• PROBLEM DESCRIPTION
Your copy should hold every record verbatim and none of the pictures.

(Crawled caption data)
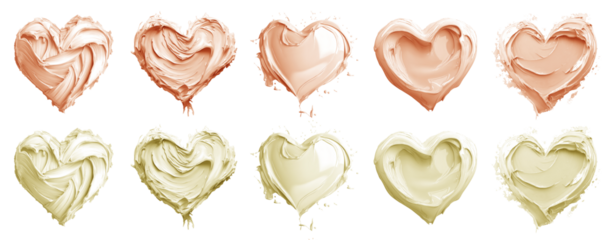 2 Collection set of pastel light yellow orange, love heart shape blob paint ink liquid smear smudge swatch cream gel wax on transparent cutout, PNG file. Many different design. Mockup template artwork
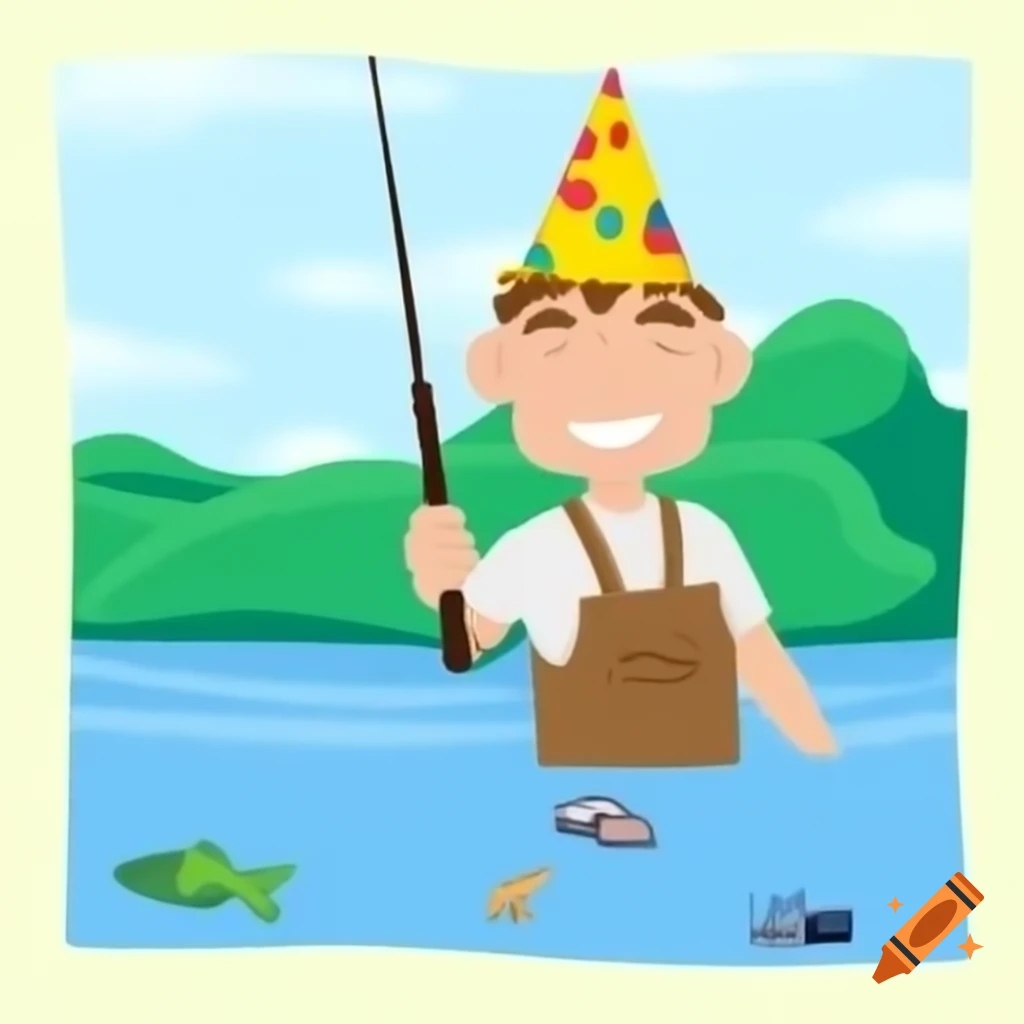 Happy fisherman in birthday hat fishing by river on craiyon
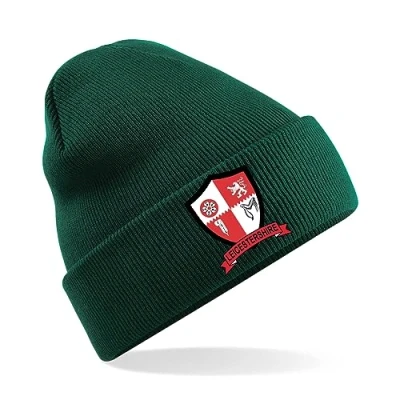 Image of Leicestershire County Mens Embroidered Beanie Hat, Bob Hat Cricket Sport Your Embroidery (Green)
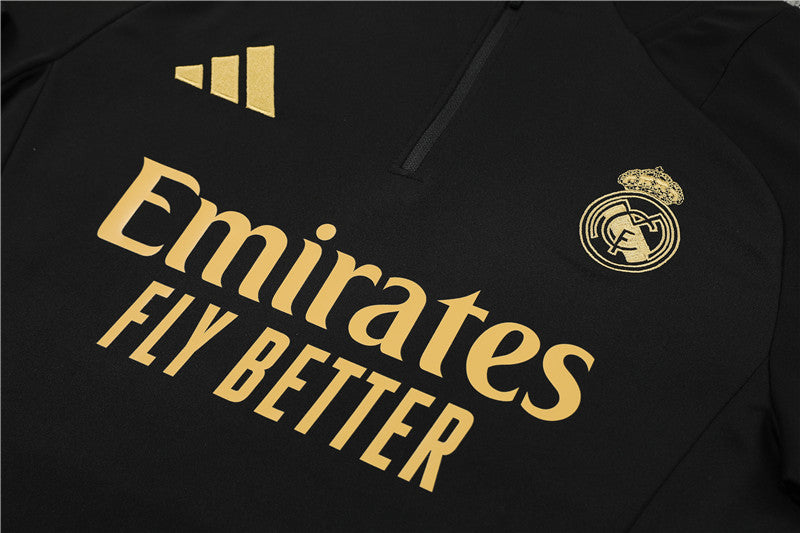 24/25 Real Madrid Black And Gold 1/4 Zip Tracksuit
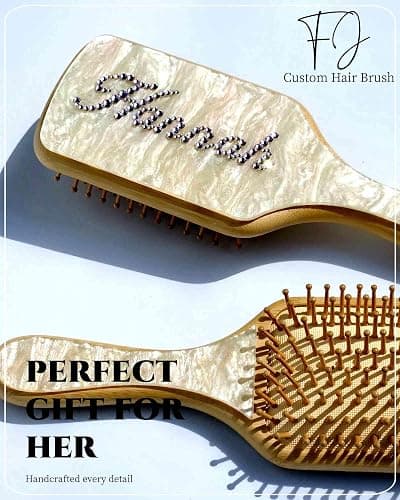 Custom Hair Brushes for Women,Personalized Hair Brush with Colorful Name,Customized Natural Wooden Bamboo Brush,Handmade Rhinestones Hairbrush for Massaging Scalp(Pearl White-Square) - Pearl White-Square thumbnail 3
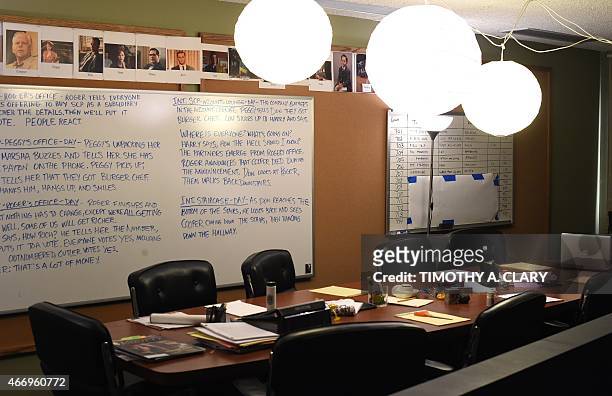With AFP Story by Jennie MATTHEW: Entertainment-US-television-MadMen-museum,FOCUS The show's writers' workroom, part of Matthew Weiner's "Mad Men"...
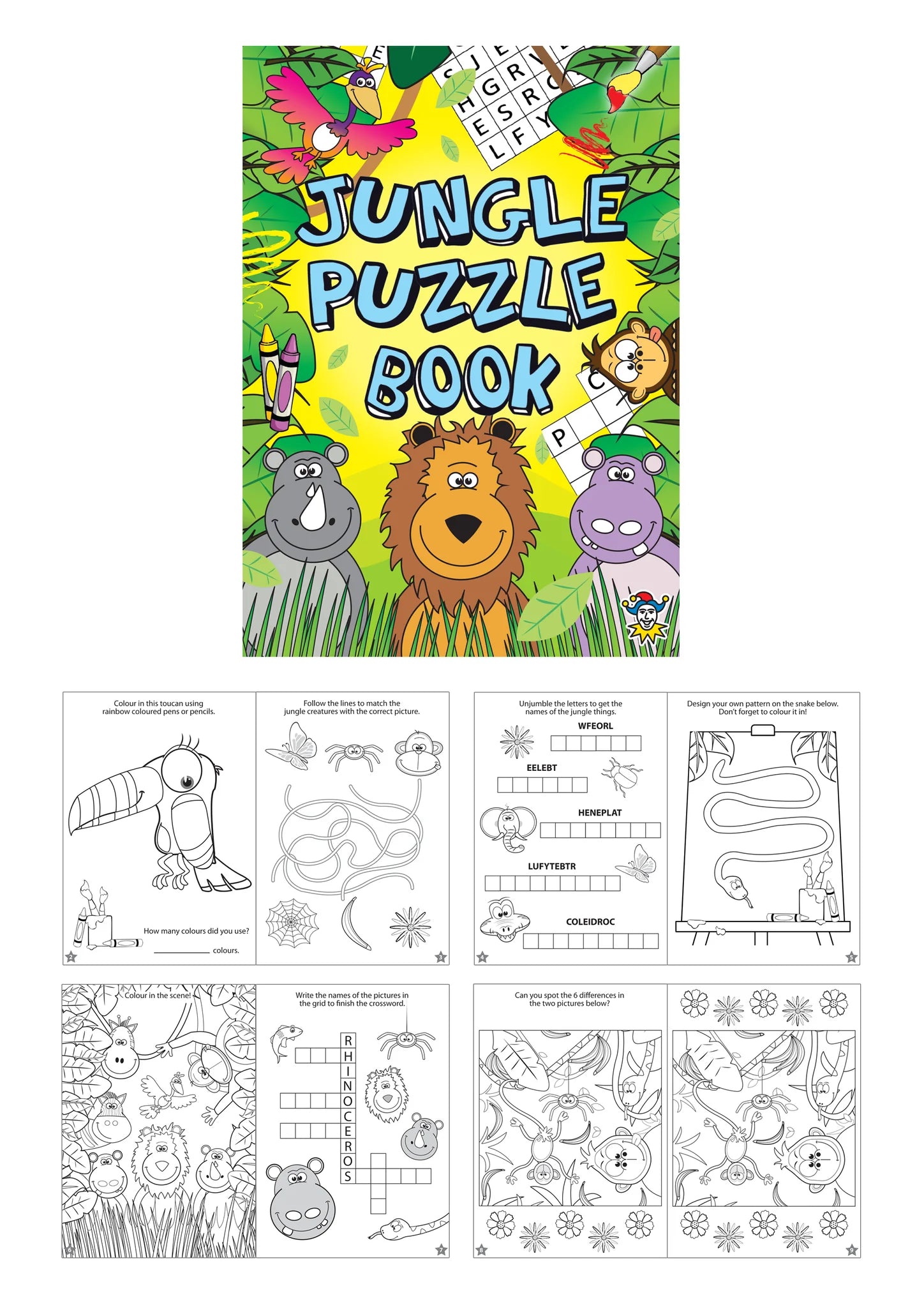 Mini Jungle Colouring Puzzle Books - Anilas UK
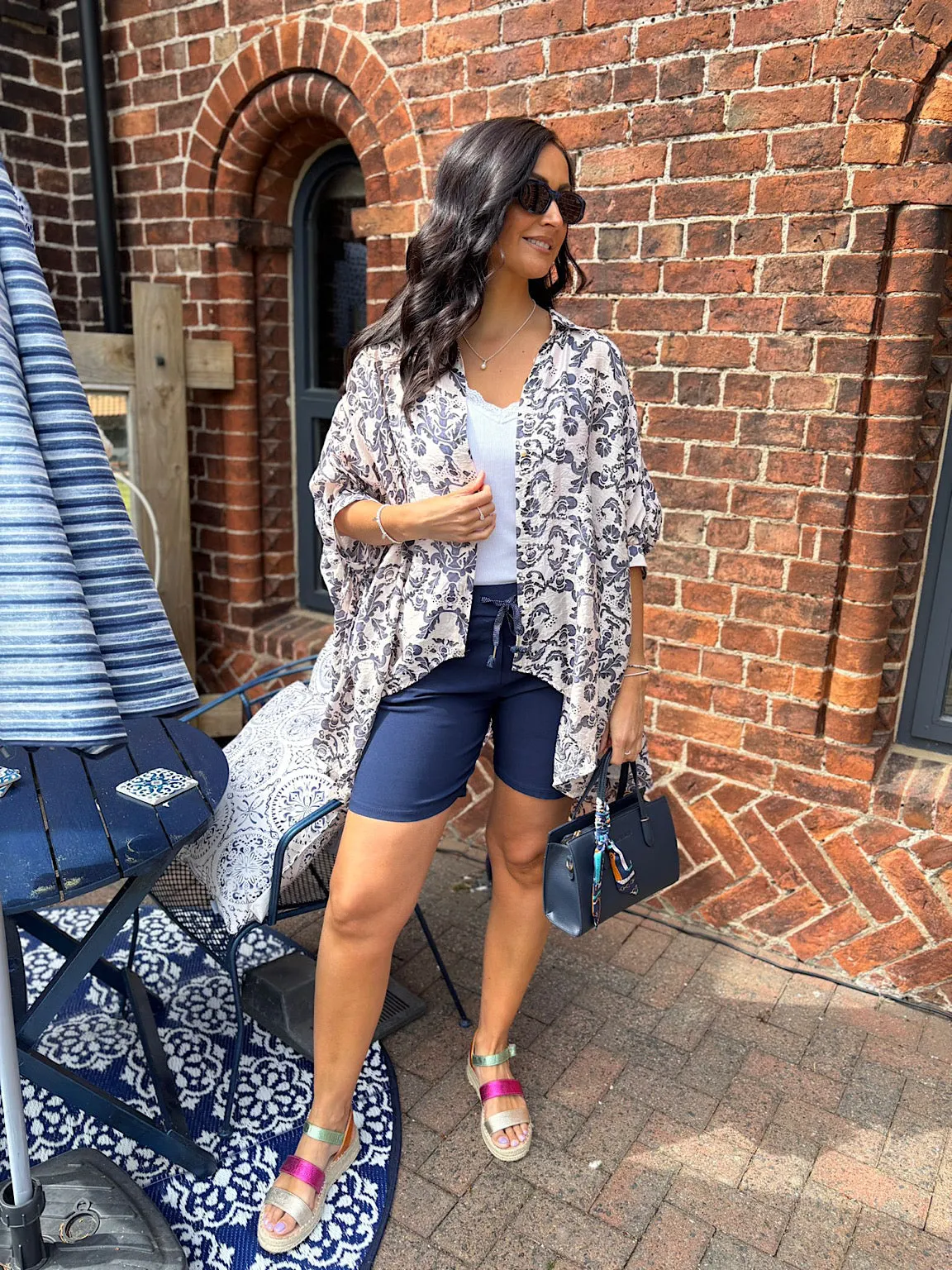 Stone Oversized Elegant Print Blouse Amelia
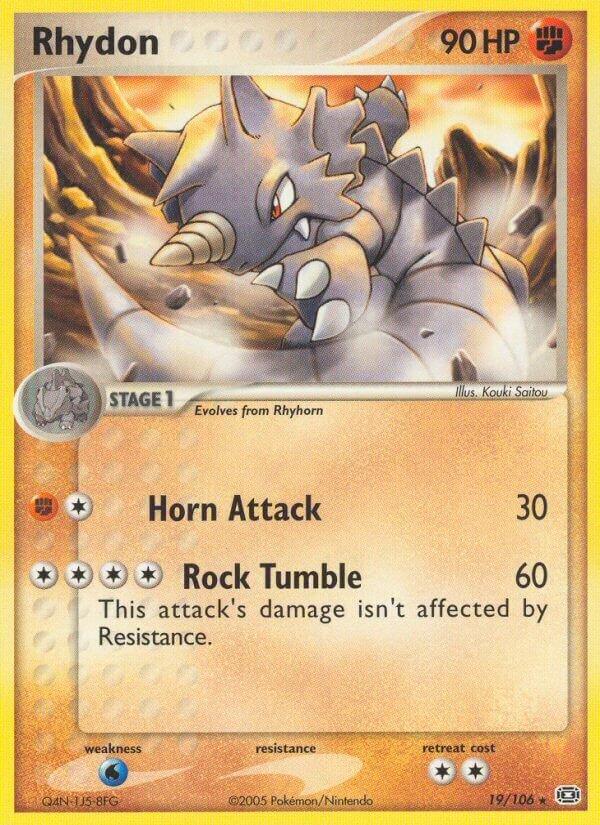 Rhydon 019/107 — EX Smeraldo (Italian Pokémon TCG card)
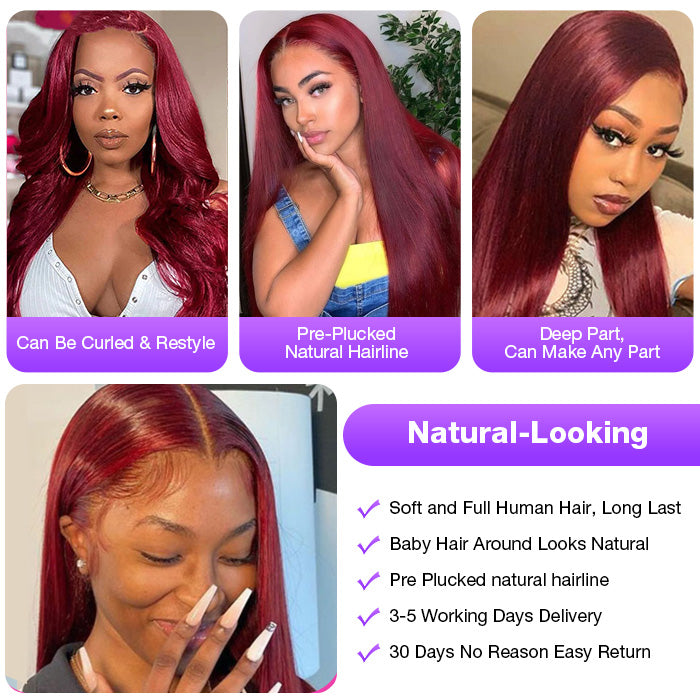 13x6 HD Lace Front Wig Human Hair Wigs 99J Red Burgundy Pre-Plucked Remy Human Hair Deep Part Wigs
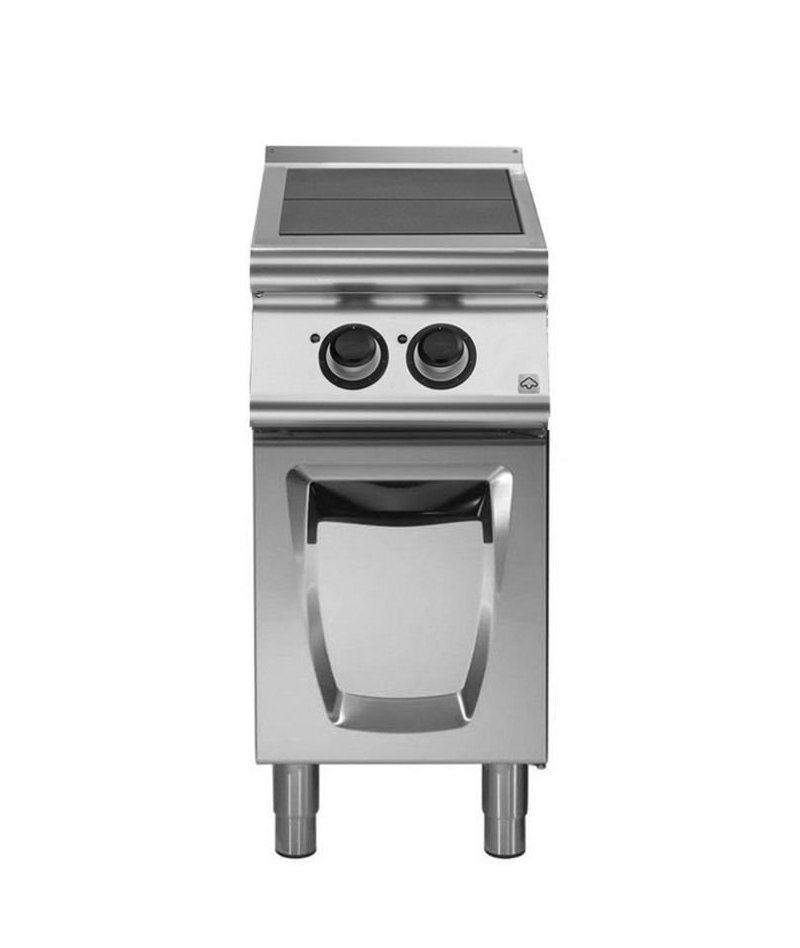 Cocina eléctrica con 2 planchas basculantes sobre base con puertas Fondo 900 Emotion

• ANSWER BELOW
 2 Collection set of pastel light yellow orange, love heart shape blob paint ink liquid smear smudge swatch cream gel wax on transparent cutout, PNG file. Many different design. Mockup template artwork
 Happy fisherman in birthday hat fishing by river on craiyon
 Image of Leicestershire County Mens Embroidered Beanie Hat, Bob Hat Cricket Sport Your Embroidery (Green)
 24/25 Real Madrid Black And Gold 1/4 Zip Tracksuit
 Custom Hair Brushes for Women,Personalized Hair Brush with Colorful Name,Customized Natural Wooden Bamboo Brush,Handmade Rhinestones Hairbrush for Massaging Scalp(Pearl White-Square) - Pearl White-Square thumbnail 3
With AFP Story by Jennie MATTHEW: Entertainment-US-television-MadMen-museum,FOCUS The show's writers' workroom, part of Matthew Weiner's "Mad Men"...
 Mini Jungle Colouring Puzzle Books - Anilas UK
 Stone Oversized Elegant Print Blouse Amelia
 Rhydon 019/107 — EX Smeraldo (Italian Pokémon TCG card)
 13x6 HD Lace Front Wig Human Hair Wigs 99J Red Burgundy Pre-Plucked Remy Human Hair Deep Part Wigs
 Cocina eléctrica con 2 planchas basculantes sobre base con puertas Fondo 900 Emotion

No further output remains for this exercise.